I. BACKGROUND On December 12, 2019, Montejo was charged by criminal complaint with one count of Possession with Intent to Distribute 100 grams or more of Heroin and 400 grams or more of Fentanyl. (Case No. 3:20-cr-00024-1, Doc. No. 1). On January 15, 2020, an Indictment was returned by the Grand Jury in the Middle District of Tennessee, charging Montejo with the same charge. (Id., Doc. No. 13). On November 18, 2020, a Superseding Information was filed, charging Montejo with the counts in the Indictment described above − four additional counts − and a forfeiture allegation. (Id., Doc. No. 35). Pursuant to a plea agreement, Montejo waived Indictment and entered a plea of guilty to
the charges in the Superseding Information. (Id., Doc. Nos. 38, 39, 40, 41). On March 26, 2021, Montejo was sentenced as agreed to 300 months in custody. (Id., Doc. No. 50). The Judgment was filed on March 30, 2021. (Id., Doc. No. 51). Montejo did not appeal her sentence. Montejo’s appointed counsel at all times in this litigation was Robert L. Parris, Esq. On March 29, 2022, Montejo filed a pro se motion pursuant to 28 U.S.C. § 2255, seeking relief in the form of a vacated or amended judgment. In her motion, Montejo alleges that trial counsel was ineffective for failing to file a motion to suppress evidence obtained from an illegal search of a vehicle and for telling her that she could not file an appeal. (Doc. No. 1 at PageID# 3). In what could be construed as a third claim,1 Montejo alleges that she was “not allowed to plead not guilty.” (Id. at PageID# 1). The Government filed a Response to the petition. (Doc. No. 6). Montejo filed a Reply (Doc. No. 10) and Affidavit in support of her Reply (Doc. No. 11). Twenty-eight months later, Montejo filed a Motion to Supplement her Section 2255
motion. (Doc. No. 16). She does not explain why she seeks permission to supplement her motion or why she waited over two years to do so. The Government’s Response to Montejo’s initial motion has been pending since August 1, 2022.2 Montejo was given an opportunity to amend or supplement her motion in April 2022, and she declined to do so. She already has filed a Reply to the Government’s Response. The court finds that, under these circumstances, it is not appropriate to permit Montejo to supplement her motion at this late date. The Motion to Supplement (Doc. No. 16) is DENIED. This matter is now ripe for review. II. STANDARD FOR REVIEWING SECTION 2255 MOTIONS A prisoner in custody under a sentence of a federal court may move the court to vacate, set aside, or correct his sentence on certain grounds, including that “the sentence was imposed in violation of the Constitution or laws of the United States.” 28 U.S.C. § 2255(a). It is well
established that, “[t]o prevail under § 2255, a defendant must demonstrate the existence of an error of constitutional magnitude which had a substantial and injurious effect or influence on the guilty plea or jury’s verdict” or “must show a fundamental defect in his sentencing which necessarily results in a complete miscarriage of justice or an egregious error violative of due process.” Wright v. Jones, 182 F.3d 458, 463 (6th Cir. 1999) (internal quotation marks omitted).

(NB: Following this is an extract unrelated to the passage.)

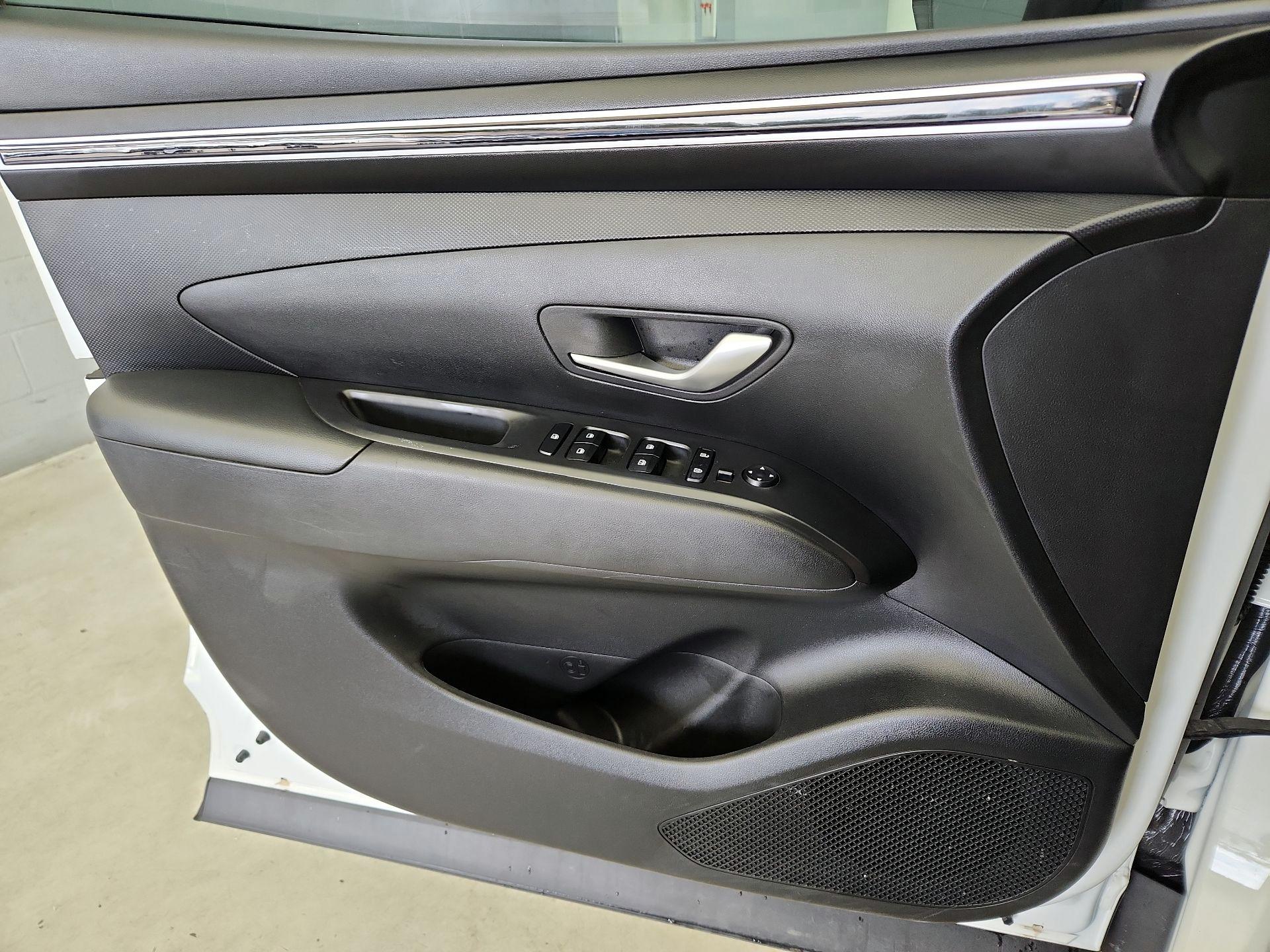 Thumbnail: 2023 Hyundai Tucson - 12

1 Montejo does not list a third ground for relief in her petition, but she includes this allegation in the procedural history section of her Section 2255 petition. (See Doc. No. 1 at PageID# 1). Respondent understands this allegation to assert a third ground for relief and responds to it in his Response. (See Doc. No. 6 at PageID# 22). 2 Because of an error in chambers, this case has languished way too long on the docket. In Section 2255 proceedings, it is the movant’s burden to show his entitlement to relief. See Potter v. United States, 887 F.3d 785, 787-88 (6th Cir. 2018). With the exception of a claim of ineffective assistance of counsel, a defendant procedurally defaults a claim by failing to raise it on direct appeal. Bousley v. United States, 523
U.S. 614, 621 (1998). Under the doctrine of procedural default, a defendant who fails to raise an issue on direct appeal may not raise that issue in a Section 2255 motion unless he can demonstrate (1) cause and prejudice to excuse his failure or (2) his actual innocence. See Huff v. United States, 734 F.3d 600, 605-06 (6th Cir. 2013). The element of cause requires “good cause” for the movant’s failure to raise his claims on direct appeal, and the element of prejudice requires the movant to show that he “would suffer prejudice if unable to proceed” with those claims. Regalado v. United States, 334 F.3d 520, 528 (6th Cir. 2003) (citing Bousley v. United States, 523 U.S. 614, 622 (1998)). The Sixth Circuit has held that a movant demonstrates actual prejudice by showing that an error “worked to his actual and substantial disadvantage.” Ratliff v.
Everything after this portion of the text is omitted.